━━━━━ Collected material
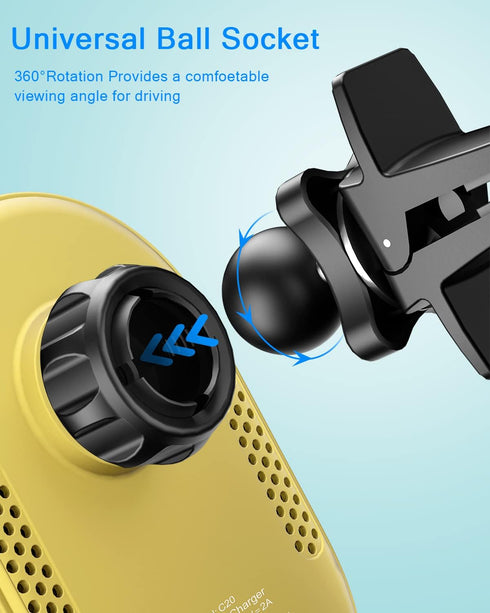 Fits Mag-Safe Car Mount Charger,Magnetic Wireless Car Charger Compatible with iPhone 14/13/12 Series,Fast Charging Auto-Alignment Air Vent Phone H...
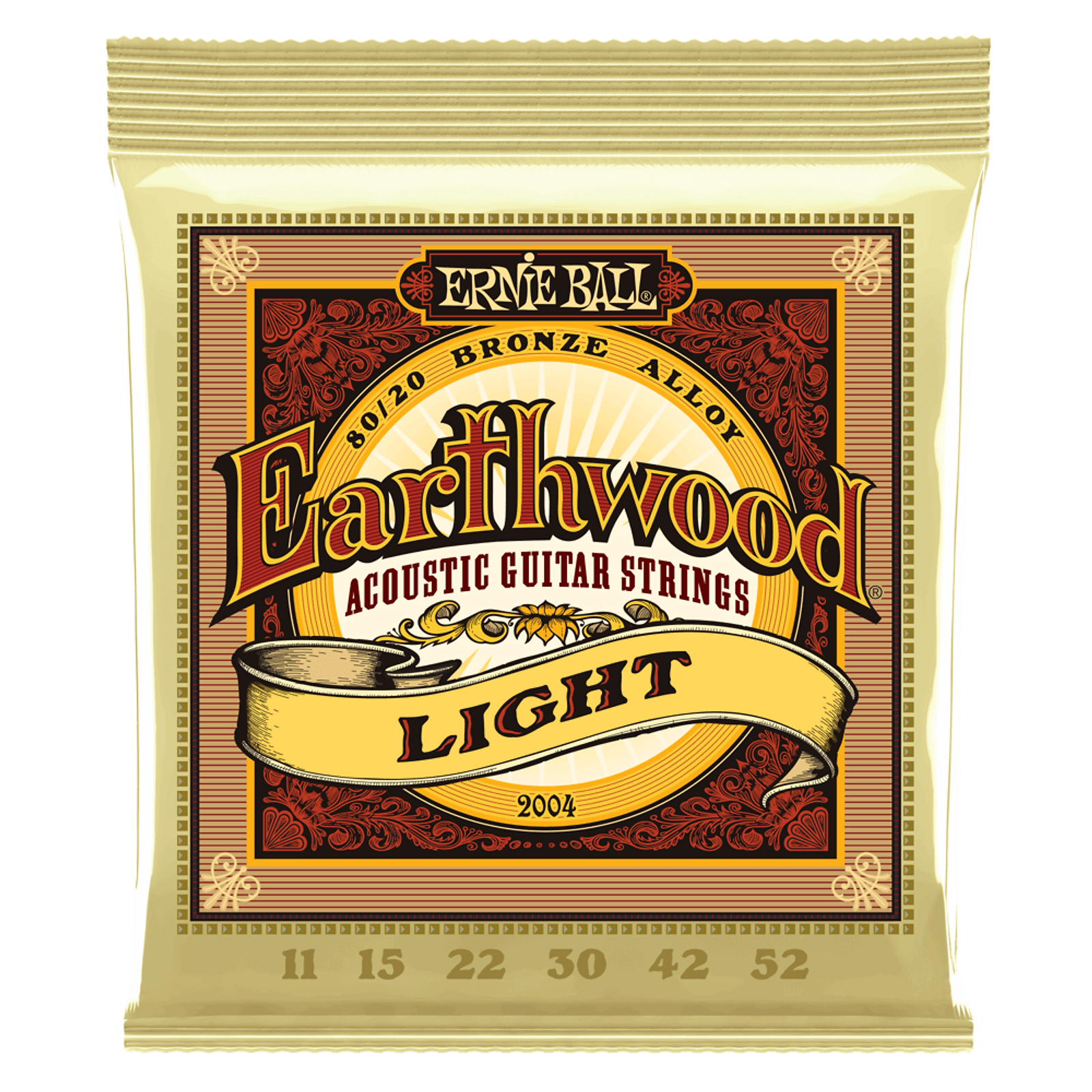 Ernie Ball Earthwood Light Acoustic Guitar Strings (11-52)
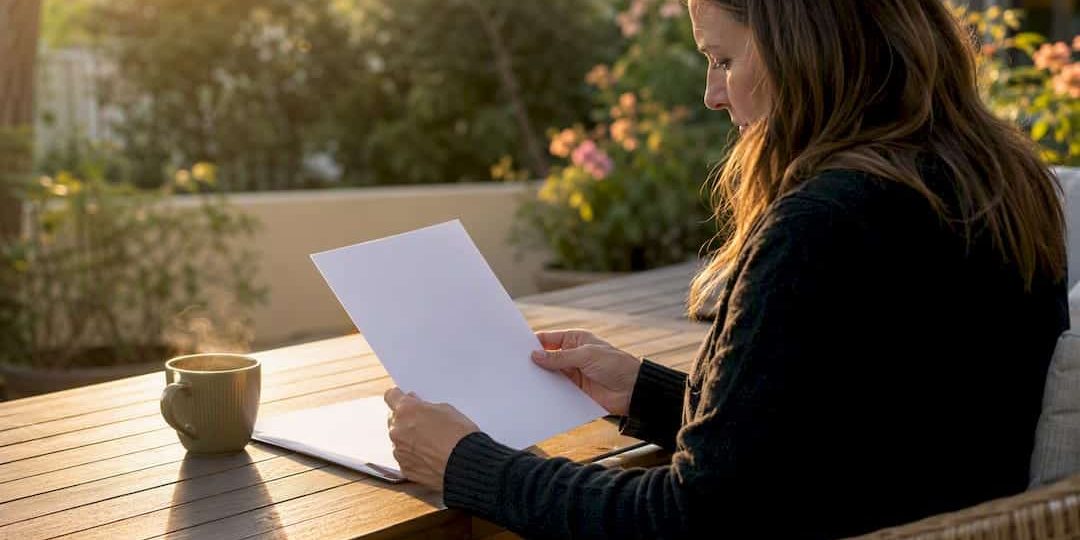 Blank financial disclosure forms on desk
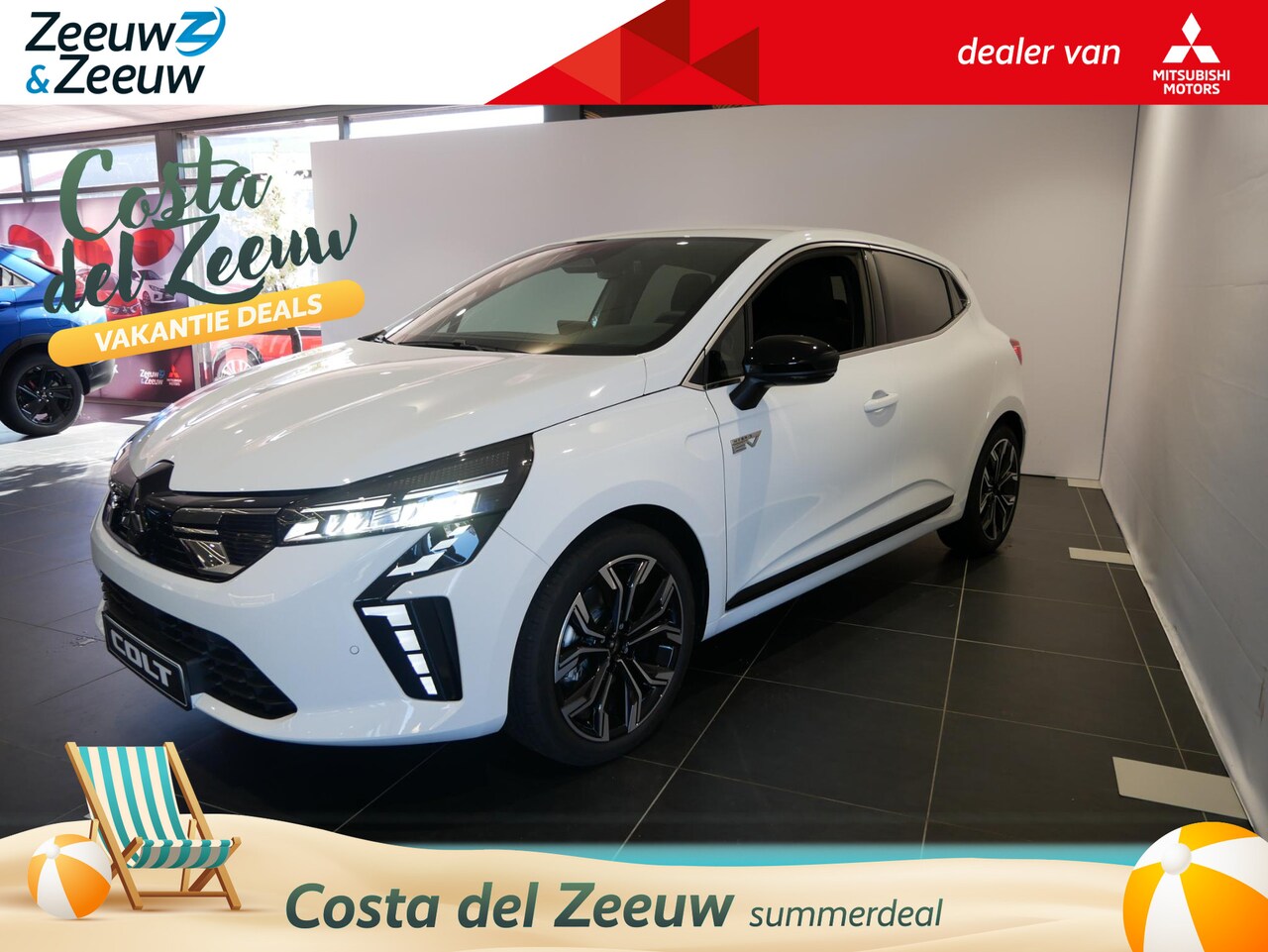 Mitsubishi Colt - 1.6 HEV Intense+ 3000,- euro  voorraad korting snel leverbaar op is op. - AutoWereld.nl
━━━━━━━━━━
== Task to complete ==
The full data, repeated exactly and stripped of its pictures, is the expected answer.

== Expected output ==
 Fits Mag-Safe Car Mount Charger,Magnetic Wireless Car Charger Compatible with iPhone 14/13/12 Series,Fast Charging Auto-Alignment Air Vent Phone H...
 Ernie Ball Earthwood Light Acoustic Guitar Strings (11-52)
 Blank financial disclosure forms on desk
 Mitsubishi Colt - 1.6 HEV Intense+ 3000,- euro  voorraad korting snel leverbaar op is op. - AutoWereld.nl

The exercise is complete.